Entre tanta estructura de poder, sobresalen las tensiones que se crean entre los políticos y los grandes medios de comunicación. Si bien al principio al protagonista de nuestra historia, interpretado por un magistral Antonio de la Torre, le parecen un bien necesario, al que atender de buenos modos mientras le son favorables, luego los vapulea al ver que se le vuelven lobos con piel de cordero, listos para atacar al menor indicio de sangre. Los intereses privados acaban por prevalecer en un sistema donde el cuarto poder sigue a las órdenes de las élites político-económicas.

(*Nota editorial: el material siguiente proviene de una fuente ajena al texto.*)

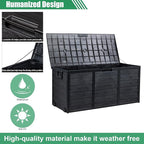 VINGLI 75 Gallon Resin Outdoor Deck Box, 75 Gallon Patio Storage Box with Side Handles, Lockable Storage Containers for Patio Furniture Cushions, Pool Accessories, Garden Tools, Full Black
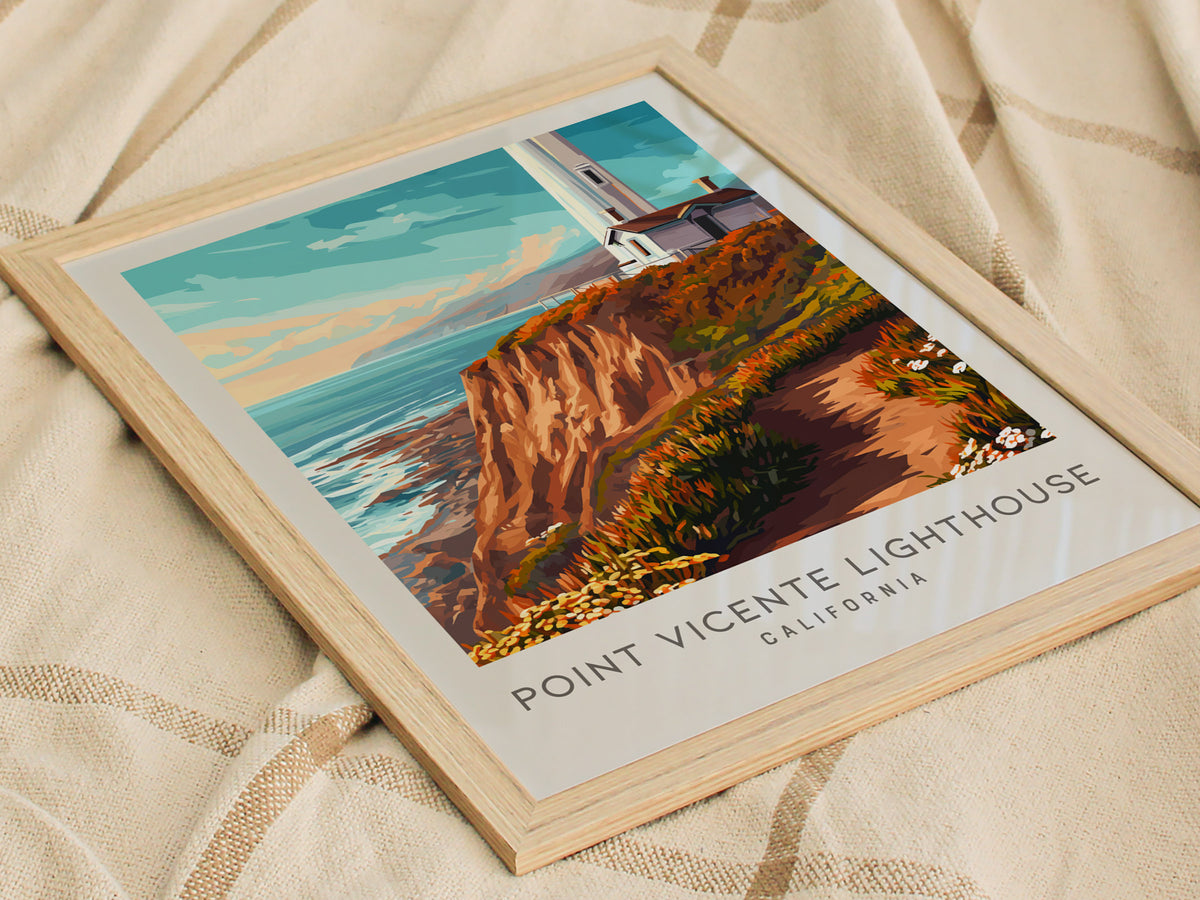 Point Vicente Lighthouse Matte Border Poster | California Travel Wall Art — styled in a modern interior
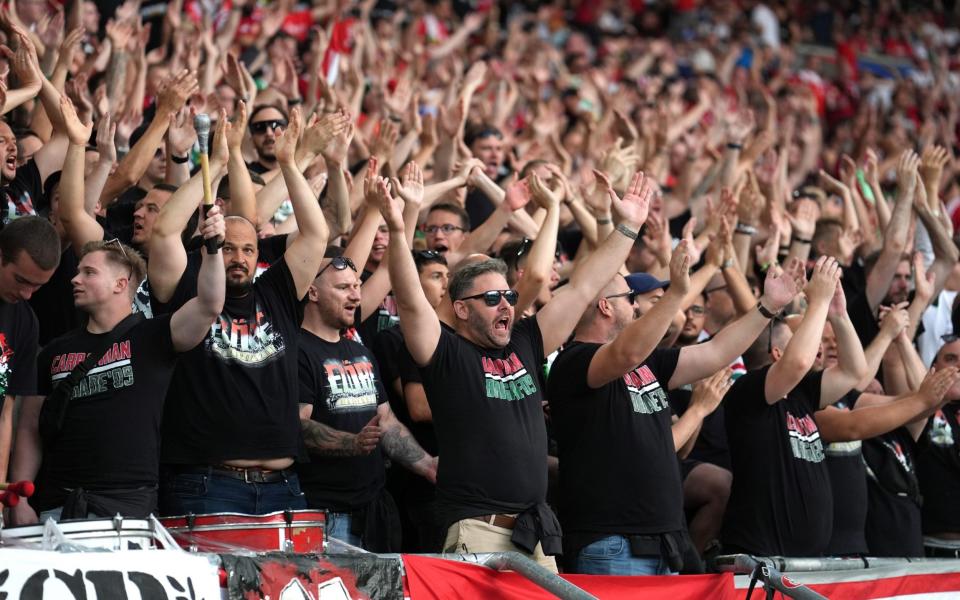 Hungary fans in the stands ahead of the UEFA Euro 2024 Group A match at the Stuttgart Arena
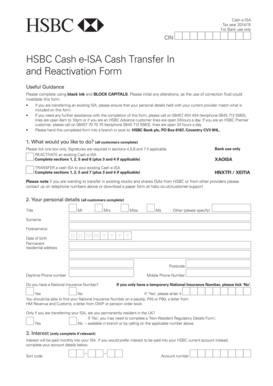 HSBC Cash e-ISA Transfer and Reactivation Form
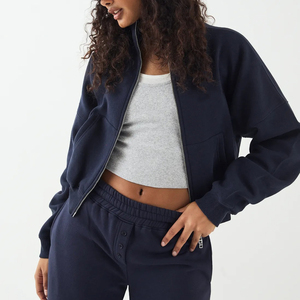 Top tendance article 100% coton sweat femme logo brodé personnalisé fermeture éclair complète respirant hip hop dames sweat - Product Image 3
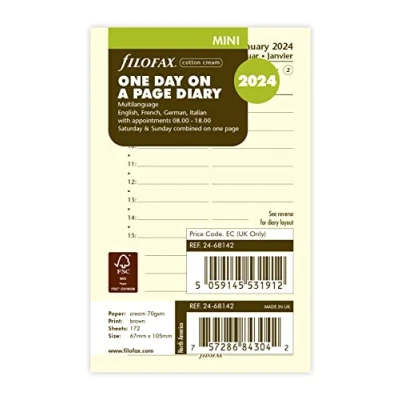 Abbildung von Filofax Mini Tag pro Seite Baumwolle Creme 4 Sprachen 2024 Tagebuch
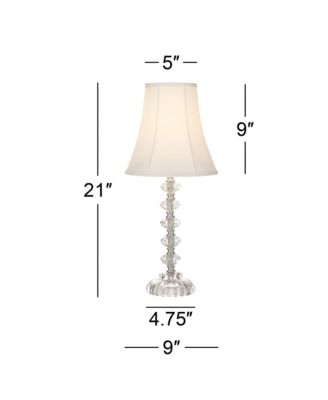 Bohemian Country Cottage Accent Table Lamps 21" High Set of 2 Clear Stacked Glass Bell for Bedroom Living Room Bedside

Mientras está dentro del sistema, nuestro político se vanagloria de dominarlo y subyugarlo a sus deseos e intereses, pero cuando, por contra, quiere que actúe frente al poder que le ha dado la espalda y ejerza su función ‘original’ (entendida como fiscalizar el poder y denunciar las irregularidades que se cometan) y no lo hace, se indigna ante la presión de saberse solo y consigue sumarnos en su lucha. Una batalla contra una maquinaria demasiado viciada, tanto que, aunque algunos deseen combatirla desde dentro, les es prácticamente imposible cambiar su naturaleza ya pervertida.
Uno de los hitos de esta película llega con el interesante diálogo entre el político y la periodista, encarnada por una soberbia Bárbara Lennie, que nos introduce en las telarañas del periodismo para revelarnos lo que muchos ya intuíamos: no será fácil sacar a relucir esa verdad por la que tanto parece haber luchado nuestro político, ahora vestido de héroe. Pero llegados a este punto, nos enfrentamos a otro gran debate. ¿Cuál es la verdad a destapar? ¿La del político que ha robado durante años o la de un sistema que se sabe corrupto?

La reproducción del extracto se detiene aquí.